Também pela mesma razão O Novo Mundo foi o meu segundo filme preferido de 2006. E não apenas por ser Mallick. Por ser também uma história de violência. Aliás, a razão do meu grande interesse por filmes do Novo Mundo vem daí. Tenho desde cedo a minha opinião formada sobre o tema: a culpa é nossa. É evidente e claro e não vale a pena andarmos com rodeios. Há que assumi-lo e andar para a frente. E é este andar para a frente, tão difícil e tão humano, que me atrai para os filmes do género: observar, como se de um fétiche se tratasse, como descalçam os realizadores esta bota. O mesmo é dizer: como olham para o problema.

Talvez por isso, mesmo pouco sabendo de Apocalypto, passei boa parte do filme esperando a chegada dos espanhóis. Mesmo sem saber que no filme de Gibson haviam de chegar.
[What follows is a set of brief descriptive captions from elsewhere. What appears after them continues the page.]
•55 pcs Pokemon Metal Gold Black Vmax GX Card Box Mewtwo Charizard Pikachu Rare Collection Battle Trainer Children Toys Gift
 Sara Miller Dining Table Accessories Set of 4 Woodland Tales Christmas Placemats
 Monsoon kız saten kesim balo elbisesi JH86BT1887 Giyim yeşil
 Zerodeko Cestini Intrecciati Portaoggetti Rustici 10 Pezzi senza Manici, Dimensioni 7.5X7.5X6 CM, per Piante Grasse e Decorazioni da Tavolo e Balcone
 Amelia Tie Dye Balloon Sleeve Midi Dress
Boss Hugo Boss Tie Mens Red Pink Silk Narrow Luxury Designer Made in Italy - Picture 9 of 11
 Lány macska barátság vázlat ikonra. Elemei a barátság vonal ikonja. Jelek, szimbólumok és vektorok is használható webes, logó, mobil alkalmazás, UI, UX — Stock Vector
É verdade que ajuda saber que o realizador australiano é um ultra-católico e que, por isso mesmo, não podia deixar de sentir um fraquinho pelo papel evangelizador-libertador que nuestros hermanos haviam de ter. E de uma certa forma apetece ser cínico até ao fim: só se pode explicar uma barbárie com outra. Apetece olhar assim o filme de Mel Gibson. A uma hecatombe, tantas e tantas vezes abordada e condenada, aquela que os espanhóis deixaram na terra dos Maias, só pode opor-se, como justificação, a punição (divina) por uma hecatombe igualmente devastadora. E é isso que Gibson faz, magistralmente, no seu filme: pressupõe os massacres espanhóis, sem nunca os abordar, apenas num brevíssimo plano mostrando os conquistadores ibéricos, e passa o seu tempo fílmico contando os antecedentes da chegada dos espanhóis, os massacres dos Maias. A história do fim de uma civilização morta a partir de dentro, é verdade (e isso nos lembra o realizador logo na epígrafe inicial), mas cuja machadada final é dada pelos europeus, ainda se se conta toda a epopeia amorosa e familiar de um jovem índio apanhado no meio deste ajuste de contas divino-civilizacional.

O império romano também implodiu é certo mas nem por isso se deixou de chamar ao seu carrasco o flagelo de Deus.